In the light of God’s word addressed to us on this Sunday morning I hear the Lord calling us to undergo a particular conversion: a change in the way we see things – not least the manner in which consider other people, but also, how we assess ourselves.
The question of vision – especially our perception of others – is already present in today’s first reading.
We are told how Samuel caught sight of Eliab and was immediately impressed by his outward appearance. The Lord had to intervene, instructing Samuel: Take no notice of his appearance or his height for I have rejected him; God does not see as man sees; man looks at appearances but the Lord looks at the heart.’
What is drawn to our attention here is the need to move beyond basing our judgements upon outward appearances alone.
The call addressed to us is to allow ourselves to be guided by the Lord’s approach when it comes to evaluating people.
Again and again the Sacred Scriptures make the point that the Lord looks at what is in a person. It is stressed that the Lord sounds the depth of a person’s heart.
In the case of Eliab it is made manifest that the Lord doesn’t allow Himself to be swayed by a person’s apparent lofty stature. God looks for something else in a person. He looks to their attitude of heart. The Lord is impressed by and attracted to a person’s lowliness, their humility and obedience; their present engagement in service and their willingness to do whatever more is asked of them for the good of others – even when this demands of them that they dare to risk their own life in the process. The unfolding of the story of David will show how Jesse’s youngest son was willing to serve and ready to lay down his life in the process. He risked his life in combat with Goliath.
Our first reading from the Book of Samuel shows us that God’s choice of Jesse’s youngest son, the shepherd boy, David, took everyone by surprise. Samuel, who was called in God’s name to make the choice of a successor to Saul as king of Israel, was led to fix on one whom his father Jesse had not even thought worth presenting to the prophet for consideration. We can also take it that David’s brothers would never have dreamt of him being the man of God’s choice either – after all, David still only a boy. Moreover, it is fair to think that David himself would not have not esteemed that he was prepared for the ministry he was called to fulfil.
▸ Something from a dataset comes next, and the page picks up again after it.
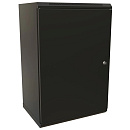 Шкаф Hyperline WRline WR-TW-2245-SR-RAL9004 настенный 19-дюймовый (19"), 22U, 1086x600х450мм, цельнометаллическая дверь с замком, цвет черный (RAL9004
The point to be grasped in this whole episode is that the Lord obliged Samuel to change his regard and to modify his assessment.
I believe that what God asked of Samuel – namely, to let go his own way of seeing things and assessing people – is something the Lord asks of each one of us. It seems to me that Lent is a favourable time in which to implore from the Lord the grace we need to undergo a conversion in this respect. Lent is a time in which to ask the Lord to help us change the way we see things and not least when it comes to our evaluation of people – ourselves included.
The story of God’s choice of David underlines for us that the Lord judges people by their thoughts and intentions – what matters to the Lord is what is in a person’s heart, their deepest self, the core of their being. It is not what one sees on the outside that is important; it is who a person is on the inside. Physical appearances can be deceptive, outward show no guarantee of how things are interiorly. God is concerned with humility and obedience. If it is this that the Lord is looking for in every person; it is also this that we should be on the look out for in others – and, before that, striving to be true to in ourselves.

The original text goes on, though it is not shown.